*REQUIRED WORK*: Transcribe the data exactly, omitting whatever pictures it holds.

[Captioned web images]
*** Block opens ***

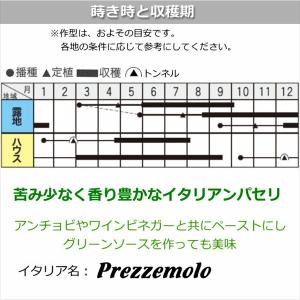 イタリアン パセリ【 ヴィットリア 】9cmポ...の詳細画像3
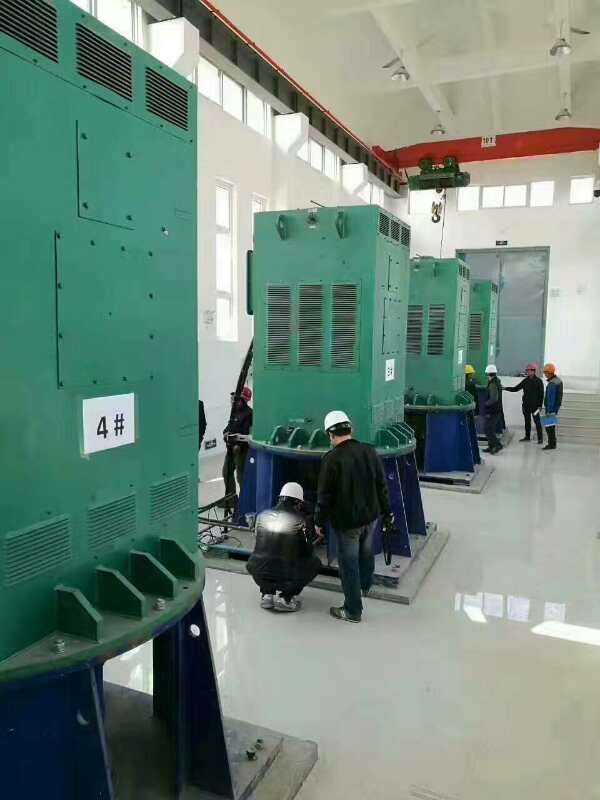 湘东某污水处理厂使用我厂的立式高压电机安装现场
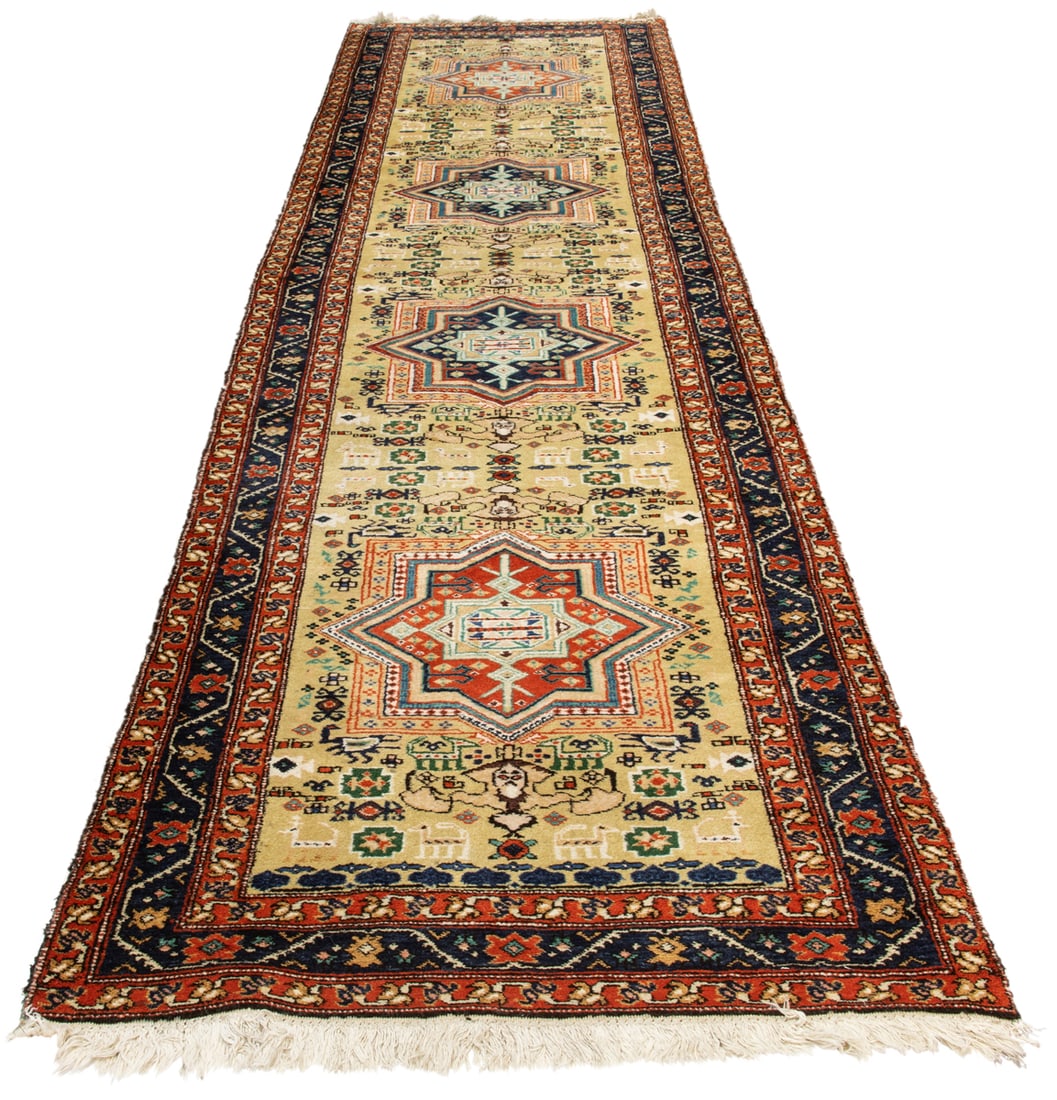 A TURKISH RUNNERA Turkish runner,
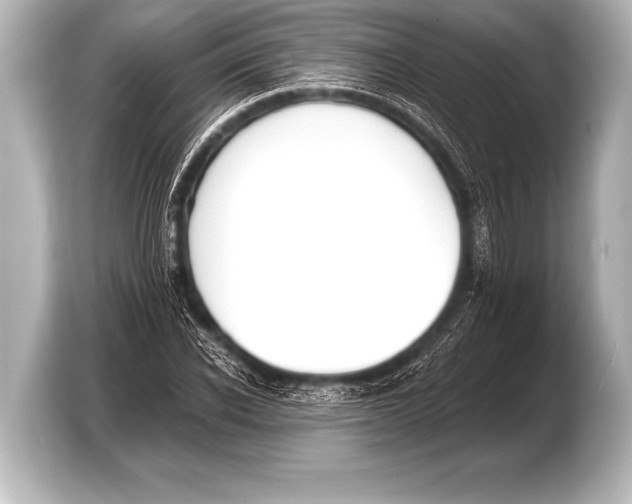 X0000103420926200810031328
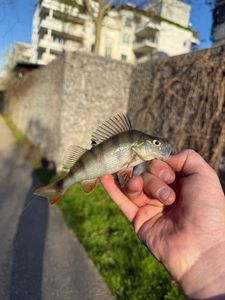 European Perch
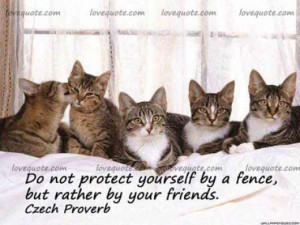 Fabulous Friendship Quotes and Sayings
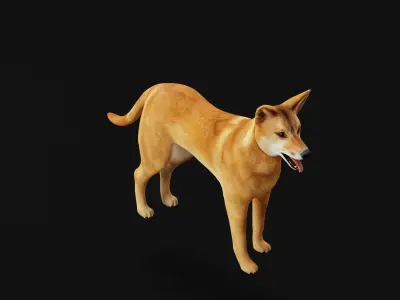 Dingo Dog Low-poly 3D model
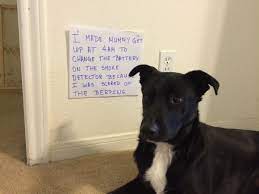 Or even possibly, your smoke alarm has a strange size battery that you don't have at home. Honorary Firefighter Dogshaming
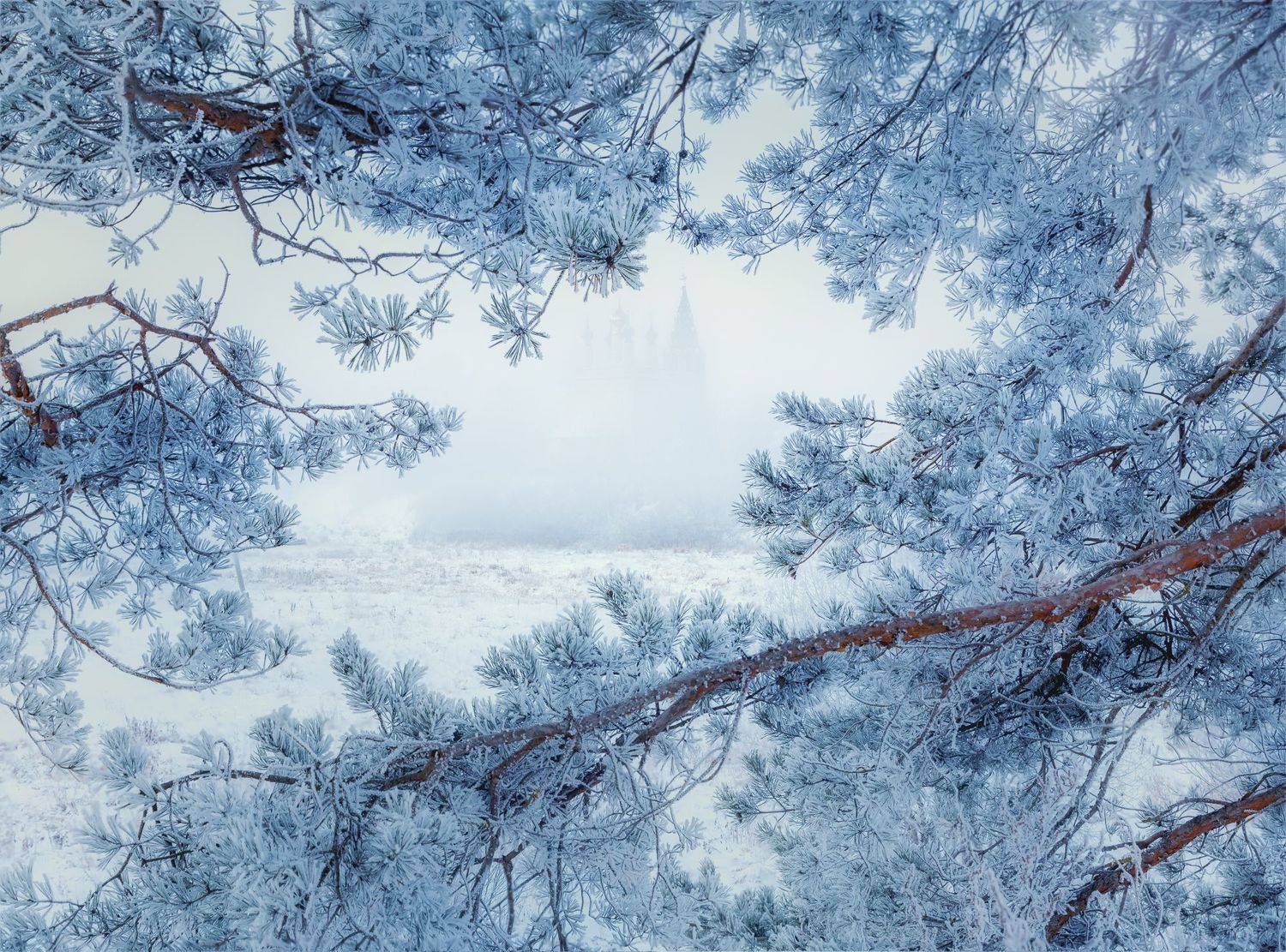 Автор: Юлия Терехина , Юлия Терехина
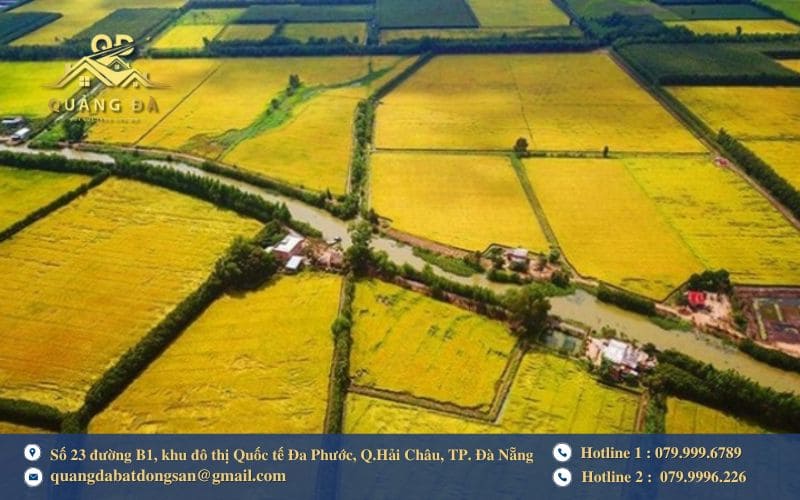 Những trường hợp thường được chuyển mục đích sử dụng đất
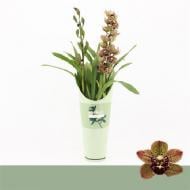 Рослина Цимбідіум (орхідея) 12х60 2 стовбури тигровий Magic Bird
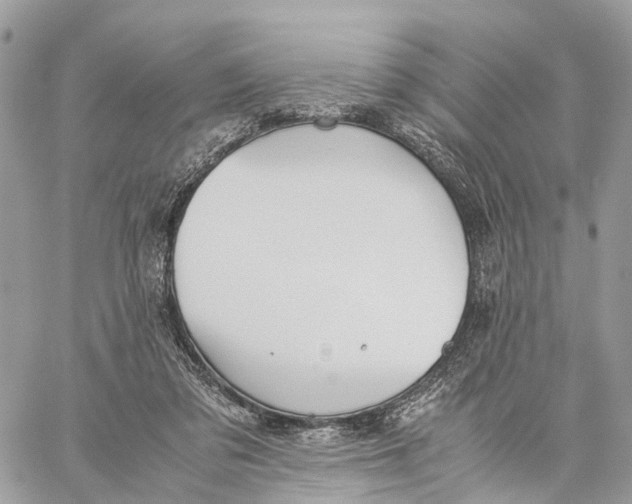 X0000060260309200511181401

*** Block closes ***

*RESULT OF THE EXERCISE*:
 イタリアン パセリ【 ヴィットリア 】9cmポ...の詳細画像3
 湘东某污水处理厂使用我厂的立式高压电机安装现场
 A TURKISH RUNNERA Turkish runner,
 X0000103420926200810031328
 European Perch
 Fabulous Friendship Quotes and Sayings
 Dingo Dog Low-poly 3D model
 Or even possibly, your smoke alarm has a strange size battery that you don't have at home. Honorary Firefighter Dogshaming
 Автор: Юлия Терехина , Юлия Терехина
 Những trường hợp thường được chuyển mục đích sử dụng đất
 Рослина Цимбідіум (орхідея) 12х60 2 стовбури тигровий Magic Bird
 X0000060260309200511181401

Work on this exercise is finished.